Ford Revives Taurus Name
As Part of Marketing Shift
By JOHN D. STOLL
February 7, 2007; Page A4
Ford Motor Co.’s expected decision to revive the Taurus name comes amid growing concern among auto-industry executives about the burgeoning number of vehicle models competing for consumer attention in the U.S. market.
Company executives are expected to announce formally today at the Chicago auto show that Ford’s Five Hundred midsize sedan will be renamed Taurus, according to people briefed on the company’s plan. The move is part of a marketing strategy shift spurred by new Chief Executive Officer Alan Mulally.

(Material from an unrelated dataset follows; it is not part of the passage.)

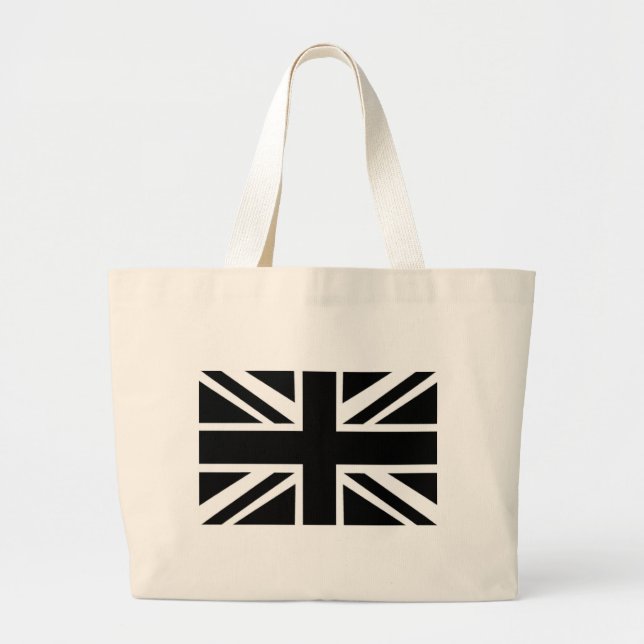 GRAND TOTE BAG BLACK JACK (Devant)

Ford’s decision to revive the Taurus name comes just months after putting an end to the Taurus sedan, which at one point was the best-selling car in the U.S. It launched the Five Hundred in 2004.
Market research consultants J.D. Power & Associates count 331 vehicle nameplates in the U.S. market, with 60 new models on the way. “How do you get a consumer to register that?” said J.D. Power senior vice president Gary Dilts, a former top Chrysler Group sales executive, at an industry conference last week.
Mr. Mulally has been a vocal advocate of the Taurus name since he arrived at Ford last fall. As a Boeing Co. executive, Mr. Mulally studied the Ford project that produced the original Taurus in 1986. Mr. Mulally has said Ford made a mistake by letting the Taurus wither and then abandoning the name, which is recognized by 80% of potential car buyers. By contrast, the Ford Five Hundred name has achieved recognition by just 30% to 40% of potential buyers, according to people familiar with Ford’s research.
The original Taurus’ rounded, aerodynamic design stood out from the mainstream midsize sedan market of the time, which was dominated by General Motors Corp.’s boxy, lookalike Chevrolets, Pontiacs and Buicks. For years, the two Ford plants that built the Taurus were among the most efficient car-assembly plants in the U.S.
Japanese auto makers Honda Motor Co. and Toyota Motor Corp. scrambled to make their competing Accord and Camry sedans more like the Taurus. In the late 1990s, following an unsuccessful redesign, Ford let the Taurus drift, focusing instead on sport-utility vehicles and other light trucks. Honda and Toyota, in contrast, kept investing in the Accord and Camry, and those two cars became the sales leaders in the midsize-sedan market.
By the time of its demise, the Taurus was sold largely to rental fleets. Still, with around seven million sold, the Taurus is one of the largest selling names in Ford’s recent history.
The Five Hundred, a larger car that Ford hoped would take on the role of high volume family car, has met a cool reception since its launch. In 2006, sales of the Five Hundred fell 22% to 84,218 vehicles, or about half as many Tauruses as were sold in the last year of production. Sales of the Five Hundred were down 51% in January from a year earlier, at just 3,526 vehicles. The Five Hundred shares many of its parts and a common architecture with the Ford Freestyle crossover vehicle and the Mercury Montego sedan, all of which are built in Chicago.